Citochimica di affinità

Tecniche che sfruttano il legame tra ligando e sito di legame per dimostrare quest'ultimo:

• Ligando: molecola estranea ad un compartimento della materia vivente capace di legarsi a una molecola di tale compartimento.
• Sito di legame: molecola di un compartimento della materia vivente capace di legarsi a un ligando.
• Recettore: sito di legame che legando col ligando causa la cascata segnalatoria che modifica il compartimento in cui esso si trova.

L'unione ligando e sito è garantita da legami deboli, efficaci in quanto numerosi e congruenti tra loro. Proteine vegetali della famiglia delle lecitine legano a pacifici residui zuccherini, ciò ha incrementato lo studio di polisaccaridi, membrana cellulare, compartimenti interni e meccanismi (adesione, riconoscimento cellulare). Sono usate lecitine coniugate con opportuni marcatori che permettono la localizzazione di glicoproteine in superficie.

Immunoistochimica

È la branca dell'istochimica che analizza le reazioni tra antigene e anticorpo.

• Antigene: è una sostanza estranea all'organismo caratterizzata da uno o più epitopi, ovvero siti specifici che nel caso di antigeni proteici sono rappresentati da segmenti di decine di amminoacidi.
  • Policlonale: da coniglio, si dirige verso vari epitopi
  • Monoclonale: da topo, si dirige verso il singolo epitopo
• Anticorpo: ha forma a Y, composto da 4 catene proteiche, due leggere e due pesanti unite da ponti disolfuro. Hanno una parte che si lega all'aptene variabile formata da catena pesante e leggera, e l'altra costante formata da catene pesanti.

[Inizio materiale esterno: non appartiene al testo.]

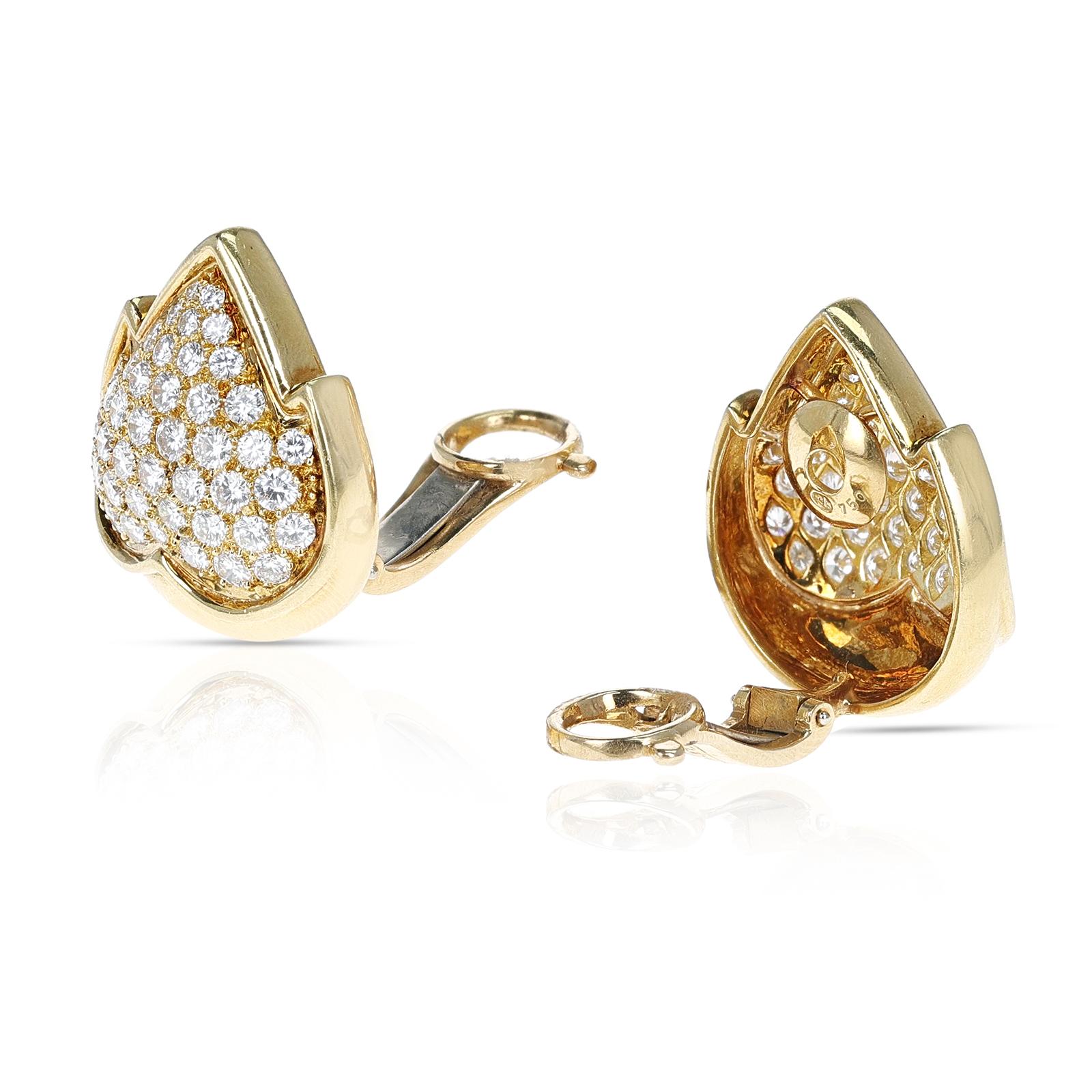 A bold pair of Van Cleef & Arpels Leaf Earrings with 5 cts. Diamonds made in 18 Karat Yellow Gold. The length is 1 inch. The total weigh tis 21.95 grams. 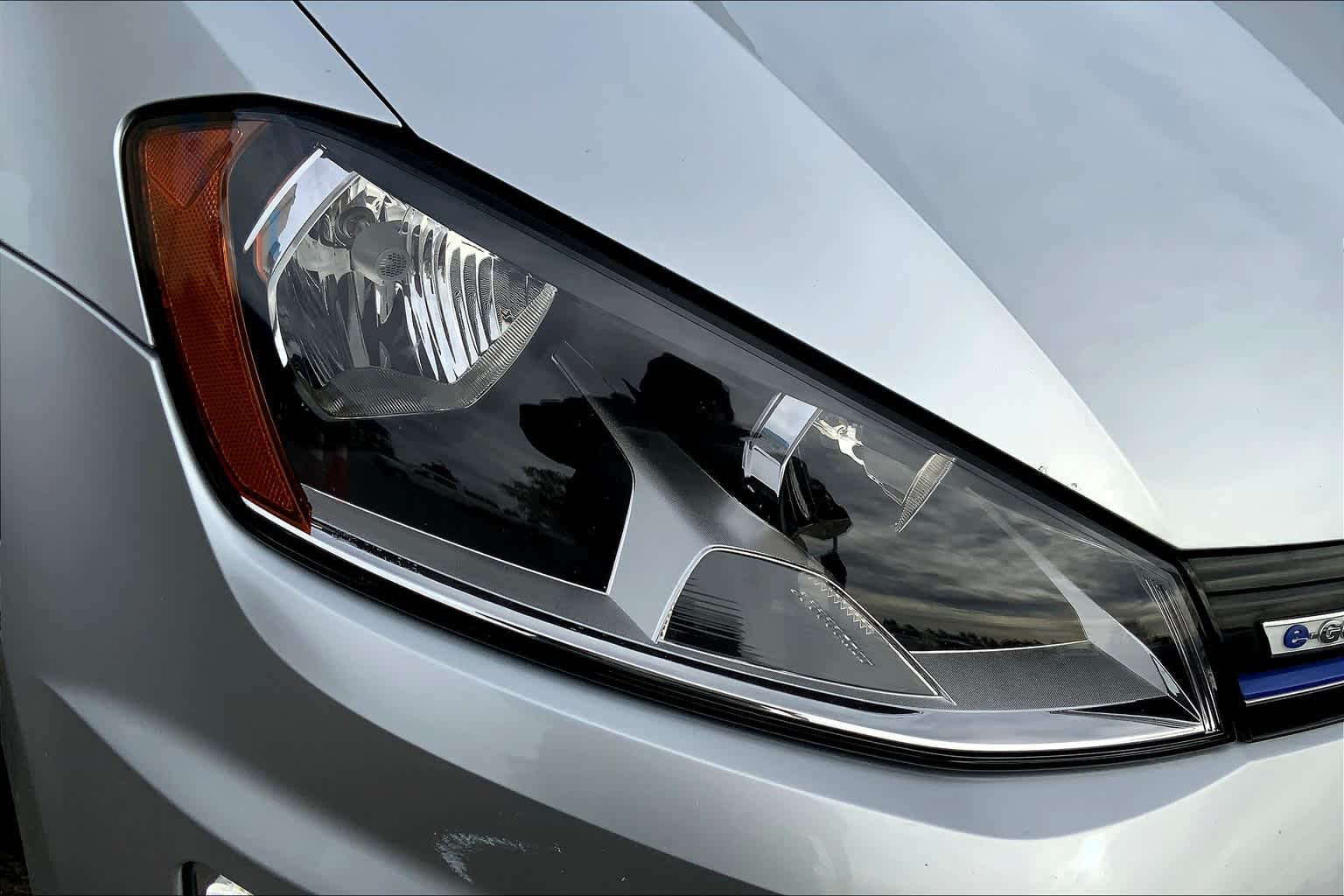 Thumbnail: 2016 Volkswagen e-Golf - 30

Il legame antigene-anticorpo si ha con legami deboli e numerosi. Con anticorpi marcati con sostanze fluorescenti si può evidenziare particolari antigeni nelle cellule.

Metodi

• Diretto: usa anticorpi primari marcati con colorante fluorescente. Il sito di legame ha intensità molto bassa visibile al microscopio a fluorescenza.
• Indiretto: lega agli anticorpi primari uno o più anticorpi secondari marcati con colorante fluorescente, così il segnale fluorescente è forte e visibile.

Ibridazione in situ

Localizza sequenze di DNA o RNA su cellule o tessuti. L'ibridazione in situ si basa sulle sequenze nucleotidiche complementari che si appaiano tra loro in particolari condizioni sperimentali, la marcatura di una delle due sequenze localizza la sequenza bersaglio a cui si appaia.

Analisi di immagine

Partendo da un'immagine simile a quella ricreata, è possibile effettuare analisi dettagliate dei campioni osservati.